_Problem description_: When a line below holds the string "style", show that line.

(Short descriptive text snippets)
· · ·

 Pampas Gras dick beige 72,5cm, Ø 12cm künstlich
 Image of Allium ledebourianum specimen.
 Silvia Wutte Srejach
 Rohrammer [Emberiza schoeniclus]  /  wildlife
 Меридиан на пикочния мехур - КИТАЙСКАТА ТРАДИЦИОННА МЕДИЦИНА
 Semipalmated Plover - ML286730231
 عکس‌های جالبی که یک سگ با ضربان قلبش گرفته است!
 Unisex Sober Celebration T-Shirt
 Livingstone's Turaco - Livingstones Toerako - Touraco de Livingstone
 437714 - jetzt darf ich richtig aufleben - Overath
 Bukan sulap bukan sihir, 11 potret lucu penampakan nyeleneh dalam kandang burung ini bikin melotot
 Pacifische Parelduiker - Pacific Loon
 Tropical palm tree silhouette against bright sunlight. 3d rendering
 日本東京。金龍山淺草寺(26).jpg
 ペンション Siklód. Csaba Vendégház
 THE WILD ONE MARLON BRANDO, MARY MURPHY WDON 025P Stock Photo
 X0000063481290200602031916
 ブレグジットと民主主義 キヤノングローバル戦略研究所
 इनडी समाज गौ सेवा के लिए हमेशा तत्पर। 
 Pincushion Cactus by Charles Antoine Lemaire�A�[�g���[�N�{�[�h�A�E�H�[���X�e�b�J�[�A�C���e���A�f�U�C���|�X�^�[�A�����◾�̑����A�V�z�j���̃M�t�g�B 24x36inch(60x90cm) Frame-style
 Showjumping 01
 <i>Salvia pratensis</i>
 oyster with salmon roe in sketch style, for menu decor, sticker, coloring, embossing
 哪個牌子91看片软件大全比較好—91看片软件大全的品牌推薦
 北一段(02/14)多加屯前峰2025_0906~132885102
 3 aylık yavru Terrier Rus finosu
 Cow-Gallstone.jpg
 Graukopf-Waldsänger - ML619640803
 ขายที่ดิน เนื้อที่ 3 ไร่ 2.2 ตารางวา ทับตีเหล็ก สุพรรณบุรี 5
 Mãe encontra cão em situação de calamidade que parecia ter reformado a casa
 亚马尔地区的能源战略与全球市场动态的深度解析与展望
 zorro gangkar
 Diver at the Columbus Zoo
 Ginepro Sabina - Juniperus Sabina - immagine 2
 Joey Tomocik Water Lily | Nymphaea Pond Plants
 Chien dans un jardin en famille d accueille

· · ·

_Answer_:
 Pincushion Cactus by Charles Antoine Lemaire�A�[�g���[�N�{�[�h�A�E�H�[���X�e�b�J�[�A�C���e���A�f�U�C���|�X�^�[�A�����◾�̑����A�V�z�j���̃M�t�g�B 24x36inch(60x90cm) Frame-style
 oyster with salmon roe in sketch style, for menu decor, sticker, coloring, embossing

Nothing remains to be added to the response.